A bicicleta tem se tornado cada vez mais um meio de transporte urbano nas cidades. Em Vitória da Conquista, essa é a realidade de milhares de trabalhadores que utilizam o veículo de duas rodas para se locomover na cidade e economizar com transporte. Ao todo, o município conta com 27 km de ciclovias, poucas ciclofaixas e 11 km que ainda estão em construção. Só que os pontos cicloviários espalhados pela cidade, em muitos locais, não são integrados e devidamente sinalizados, o que gera insegurança, acidentes e dificuldade de trafegar aos ciclistas. 

De acordo com a Secretaria de Mobilidade Urbana,  que disponibilizou os dados do Serviço de Atendimento Móvel Urbano (Samu), até agosto de 2021, 174 acidentes foram registrados de vítimas com escoriações, os casos de mortes de ciclistas não foram incluídos nessa contagem. Em 2017, o número foi de 227, já no ano seguinte,  aconteceram 207 acidentes, e em 2019 e 2020 foram, respectivamente, 330 e 308 casos de vítimas que se envolveram em incidentes nas ciclovias da cidade. 

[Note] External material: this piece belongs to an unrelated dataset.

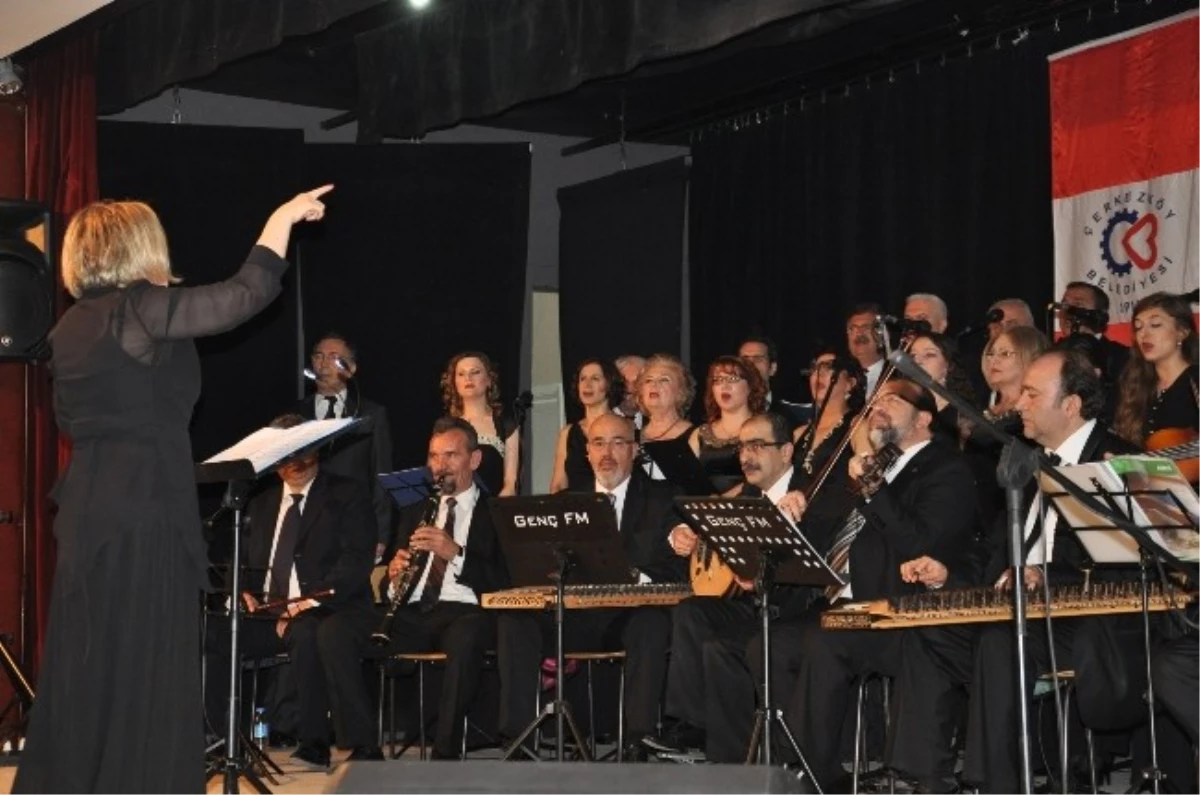 Çerkezköy Belediyesi Türk Sanat Müziği Korosu\'ndan Muhteşem Konser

“Faço uso das vias compartilhadas com os carros, motos ou acostamentos. A atenção é redobrada”, comenta o operador de loja, Robertino dos Santos, que utiliza a bicicleta como meio de transporte para ir trabalhar.  Seu percurso diário é de 5 km entre ida e volta. Ele sai do bairro Morada Real, passa pela Avenida Central, depois acessa o Anel Rodoviário, mas nesse percurso não há ciclovias. 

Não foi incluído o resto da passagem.